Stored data
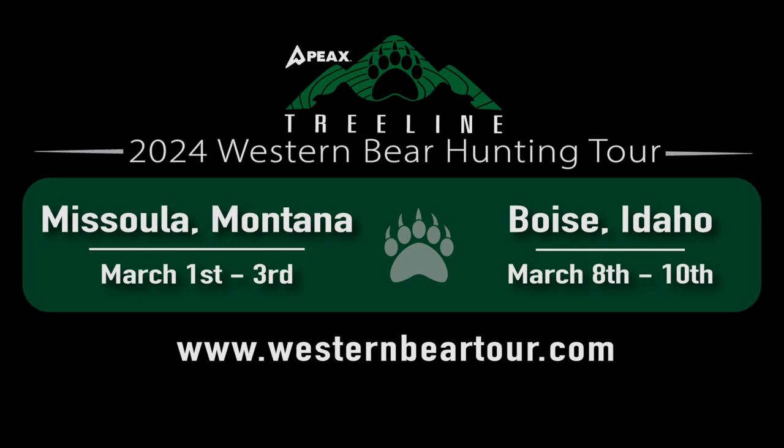We're going to tell you everything we know about bear hunting — it's going to be very informative. I'm doing most of the heavy lifting. Livesey, he's not great at presenting things or organizing his ideas, so it'll be mostly me. Ryan will be quiet but probably add some value — just kidding. Mark is killing it. I've seen some of the curriculum we're working on. Everybody has a role to play. It's going to be fun. Hope we see you there. If you're interested in attending, go to westernbeartour.com.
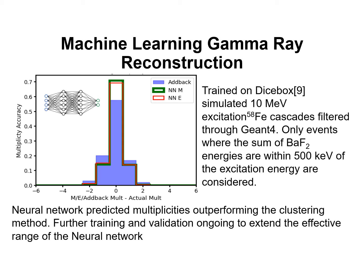We have also started looking into using machine learning to better reconstruct the gamma rays being produced in these events. We have seen some initial success, even as compared to the clustering method. However, further research and development is required before using it to help extract photon strength functions. I don't have enough time to fully discuss this, but feel free to ask questions about it.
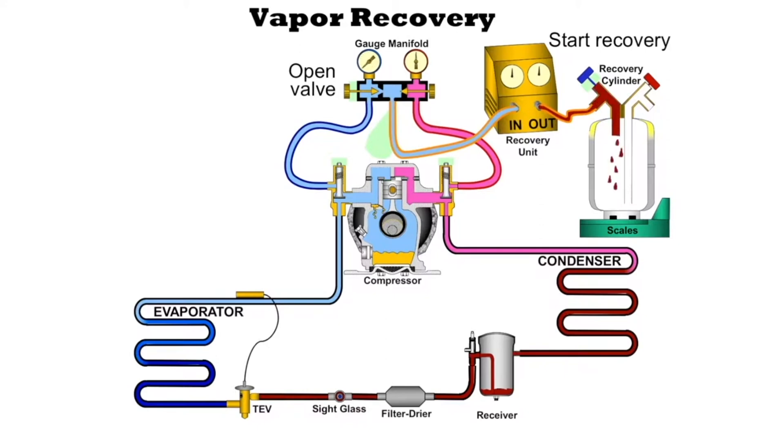If you notice, liquid goes into the bottle. It gets pulled out of the system, gets compressed, gets condensed, and then it goes into the recovery cylinder. With a scale, we can keep track of how much refrigerant we have going into the bottle.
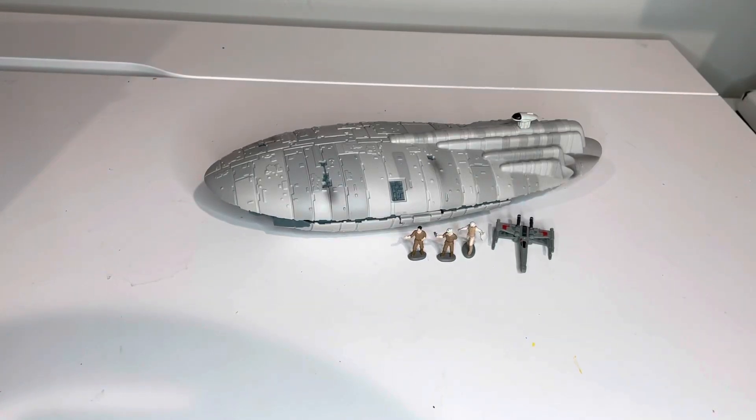Here is the Star Wars Micro Machines Rebel Transport Ship. We'll talk through the features, the figures that come with it, and then go from there.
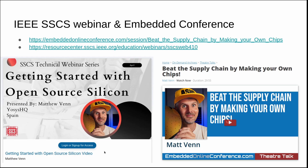I've been in a few conferences and webinars. There was the IEEE SSCS webinar on how to get started with open source silicon, including a bit of my backstory. And I was also involved in the Embedded Online Conference — 'Beat the Supply Chain by Making Your Own Chips.' You can check those talks out online.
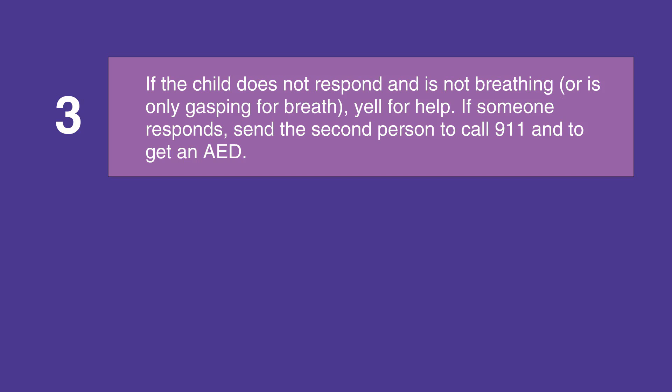If you're not in a health care facility, have them call 911 and get an AED. Or activate the emergency response system and get a defibrillator if you are in a health care facility.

_WORK INSTRUCTION_
Print every record above exactly as written, leaving out the pictures.

_YOUR SOLUTION_
We're going to tell you everything we know about bear hunting — it's going to be very informative. I'm doing most of the heavy lifting. Livesey, he's not great at presenting things or organizing his ideas, so it'll be mostly me. Ryan will be quiet but probably add some value — just kidding. Mark is killing it. I've seen some of the curriculum we're working on. Everybody has a role to play. It's going to be fun. Hope we see you there. If you're interested in attending, go to westernbeartour.com.
We have also started looking into using machine learning to better reconstruct the gamma rays being produced in these events. We have seen some initial success, even as compared to the clustering method. However, further research and development is required before using it to help extract photon strength functions. I don't have enough time to fully discuss this, but feel free to ask questions about it.
If you notice, liquid goes into the bottle. It gets pulled out of the system, gets compressed, gets condensed, and then it goes into the recovery cylinder. With a scale, we can keep track of how much refrigerant we have going into the bottle.
Here is the Star Wars Micro Machines Rebel Transport Ship. We'll talk through the features, the figures that come with it, and then go from there.
I've been in a few conferences and webinars. There was the IEEE SSCS webinar on how to get started with open source silicon, including a bit of my backstory. And I was also involved in the Embedded Online Conference — 'Beat the Supply Chain by Making Your Own Chips.' You can check those talks out online.
If you're not in a health care facility, have them call 911 and get an AED. Or activate the emergency response system and get a defibrillator if you are in a health care facility.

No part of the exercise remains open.